··· MATERIAL PROVIDED ···
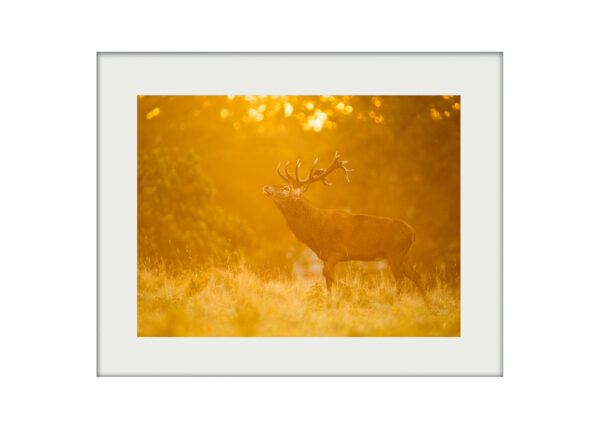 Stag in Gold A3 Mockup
···
··· MATERIAL PROVIDED ···
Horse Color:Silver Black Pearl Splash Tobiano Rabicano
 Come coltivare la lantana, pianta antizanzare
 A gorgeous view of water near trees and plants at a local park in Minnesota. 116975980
···
**TASK GOAL**
From the entries above, return exactly the line containing "Horse Color:Silver Black", the line containing "A gorgeous view", and all lines between, and nothing else.

**OUTPUT BELOW**
Horse Color:Silver Black Pearl Splash Tobiano Rabicano
 Come coltivare la lantana, pianta antizanzare
 A gorgeous view of water near trees and plants at a local park in Minnesota. 116975980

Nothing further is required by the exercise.